In 2008, The Journal of Obstetrics and Gynecology, published a study, The effects of the attending obstetrician’s anxiety traits and the corresponding obstetric intervention rates.. The researchers set out to explore the correlation between the practitioners anxiety level and the amount of unplanned cesarean sections performed during a specific time. To better comprehend the relevance of this study, it is important to understand exactly what they were looking for in anxiety traits, specifically the difference between “trait anxiety” and “state anxiety”. Trait anxiety refers to a general level of stress that is characteristic of an individual, that is, a trait related to personality. Trait anxiety varies according to how individuals have conditioned themselves to respond to and manage the stress. People with high levels of trait anxiety are often quite easily stressed and anxious.1 State anxiety describes the experience of unpleasant feelings when confronted with specific situations, demands or a particular object or event. This particular study is focusing on trait anxiety.

The data was collected by questionnaire among fourth- and fifth-year “on-call registers” (equivalent to senior residents in the U.S. system) and included 3,135 births in total. The average unplanned cesarean rate was 23%. The average trait anxiety level, which is has a potential range of the least anxious at 20 and the most anxious at 80, was 43. Most significantly, the study states, “Statistical analysis revealed that the doctors’ trait anxiety levels were highly correlated with cesarean rates. The obstetricians with the least anxiety had the lowest emergency cesarean rates, while those with the most anxiety had the highest rates.” Could you be increasing your chances of a cesarean birth based on your care provider’s anxiety level and not necessarily on the health of mom and baby?

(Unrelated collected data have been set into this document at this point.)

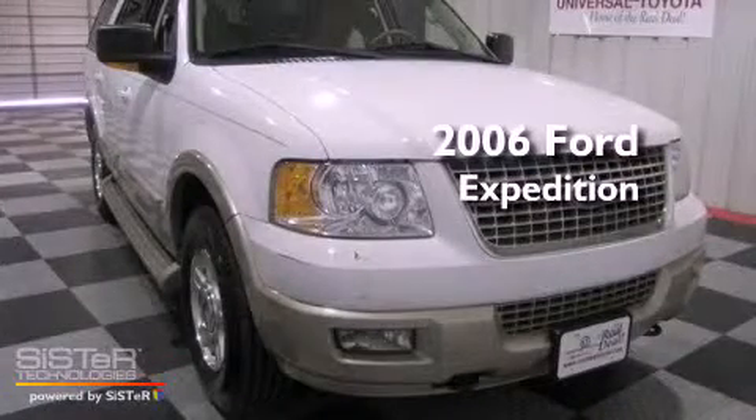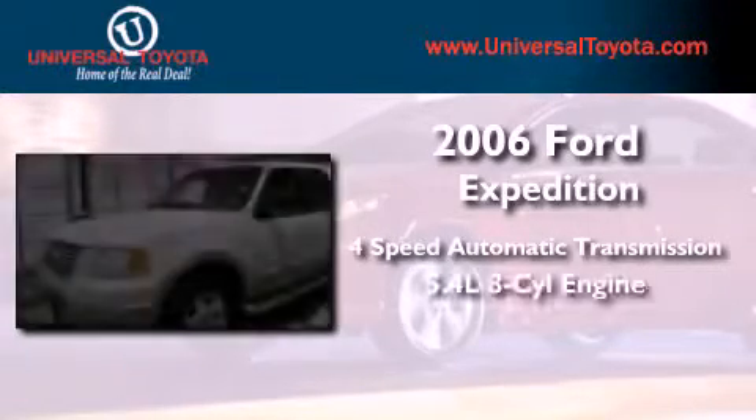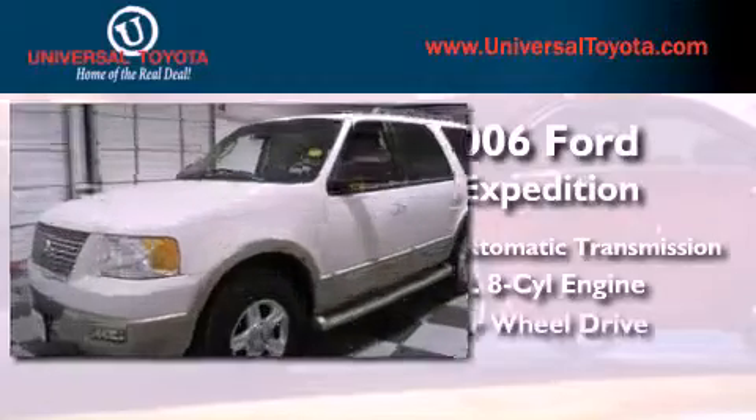This is a 2006 Ford Expedition. This SUV has a 4-speed automatic transmission, a 5.4-liter V8, and 4-wheel drive.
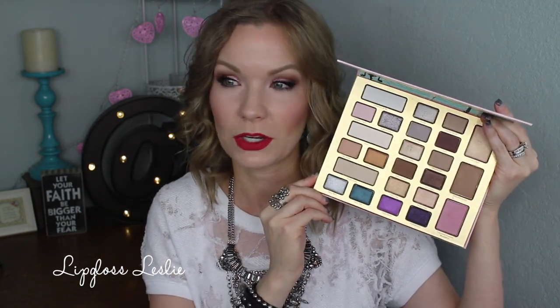Too Faced Holiday always sucks me in, and I've really been enjoying this one — the Chocolate Shop. This is the one that came in the big box, not the little house. Quality-wise I like this one better. You get a lot of shadows in it. I have a whole video on this if you want swatches and more of my thoughts. But I think this is a nice one and I find myself grabbing for this palette a lot.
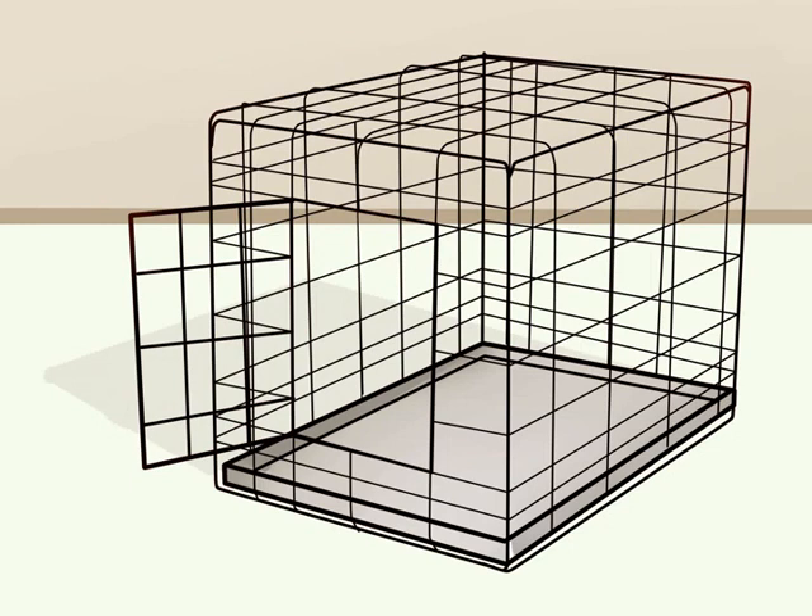Crate training your Cocker Spaniel. Select a crate for your Cocker Spaniel. An important aspect of training your Cocker Spaniel is crate training. When done properly, your dog will see his crate as a place of refuge and relaxation, rather than a place of punishment. If your dog is a puppy, consider renting a crate from your local animal shelter, since he will eventually outgrow it.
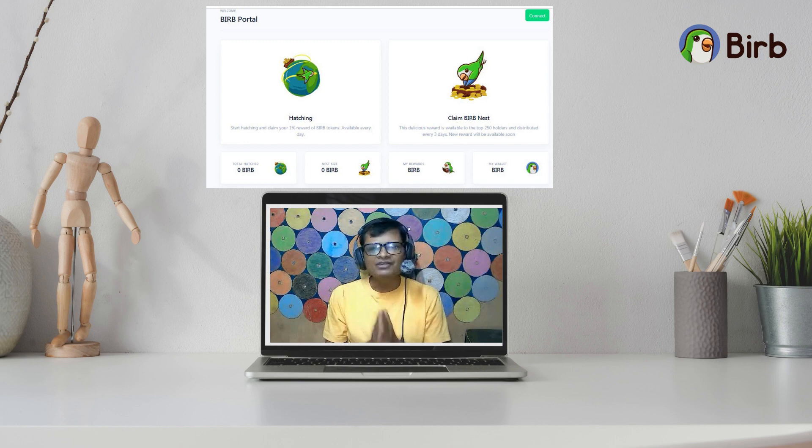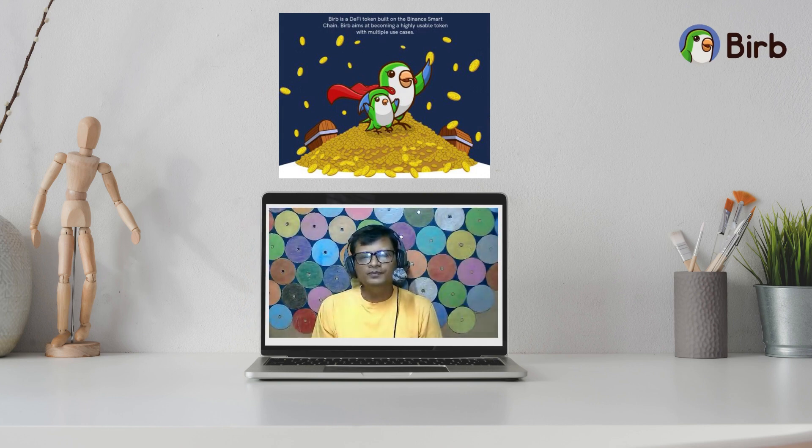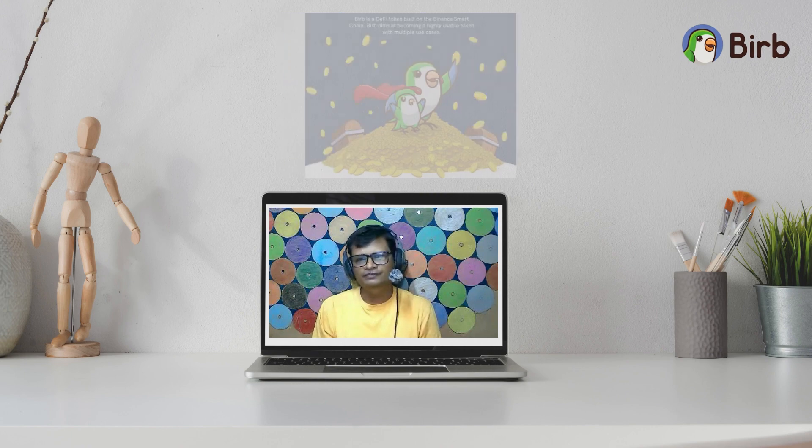Rewards are available every day in the gaming portal. The web app also rewards holders — the top 250 holders receive 48 percent of Burp that was drained. This is going to be huge, as many expert people are behind this project which will definitely lead it to success. This covers the whole Burp project and its features.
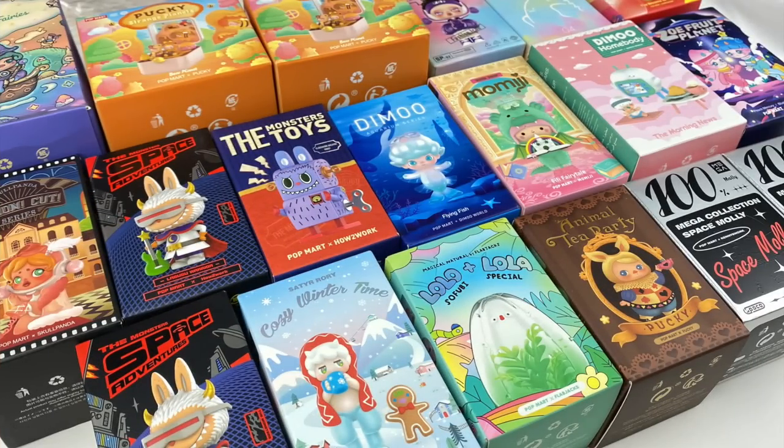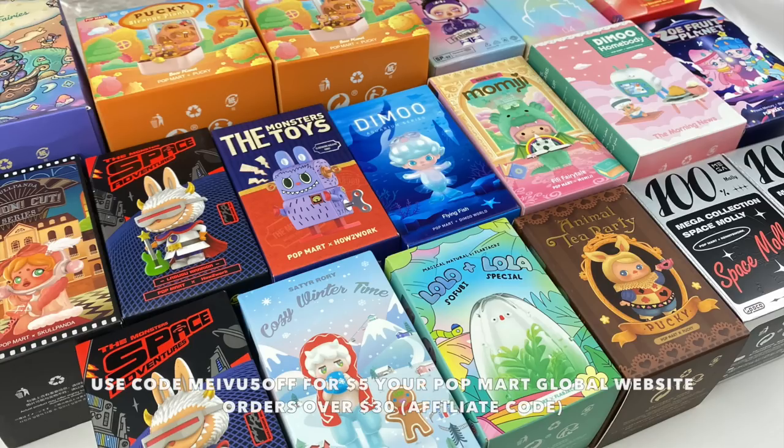That is everything for today's haul video! Let me know in the comments which item was your favourite, and also which blind boxes you'd like to see opened in the next Mavis Mystery Mayhem episode — whichever is most popular will be in the next episode. If you want to check out Popmart, I'll leave all the information about my affiliate link and discount code in the description. I hope you enjoyed watching — see you next time!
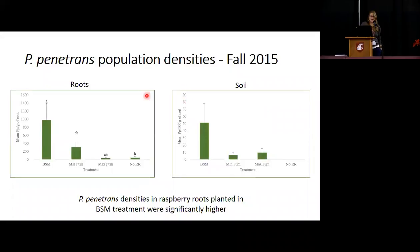Here are the treatments on the axes: Brassica seed meal, minimum fumigation, max fumigation, and the control with no root removal. We have average Pratylenchus penetrans per gram of raspberry root and average per 100 grams of soil. You can see there are big differences — Brassica seed meal one year after treatment had densities significantly higher than what people are currently doing. They weren't significantly higher than either fumigation treatment, but that was probably mostly due to high variability in the samples, though numerically there is a big difference.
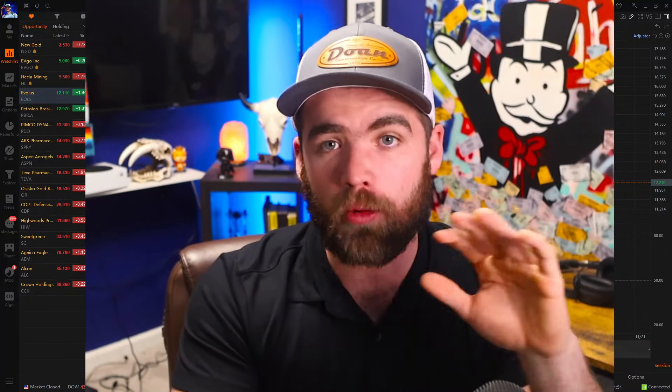Hey guys, it's Carter. Welcome back to the channel. Hope you guys are all having a fantastic day today. Now in today's video, we are going to be talking about our weekly swing trading routine that I do every single Sunday.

What can we do with this information?
While the published article does state more research is needed to confirm and explain the correlation, there is relevance in looking closely at your care provider’s statistics of intervention. A more confident care provider perhaps is going to be more patient and less reactive. This will likely help the laboring mother feel more confident in herself as well as the care she is getting. Think back to the pilot analogy. If your pilot appeared anxious, how would you feel during turbulence? Confident your pilot can handle the bumps or nervous because things got a little shaky? If you are in the position of choosing your care provider, take the time to meet with that person, look at the practice, their statistics and your general comfort and trust level you establish with the individual.

Happy birthing!


Allcock, C., Griffiths, A., & Penketh, R. (2008). The effects of the attending obstetrician’s anxiety trait and the corresponding obstetric intervention rates. Journal of Obstetrics and Gynaecology, 28(4), 390–393.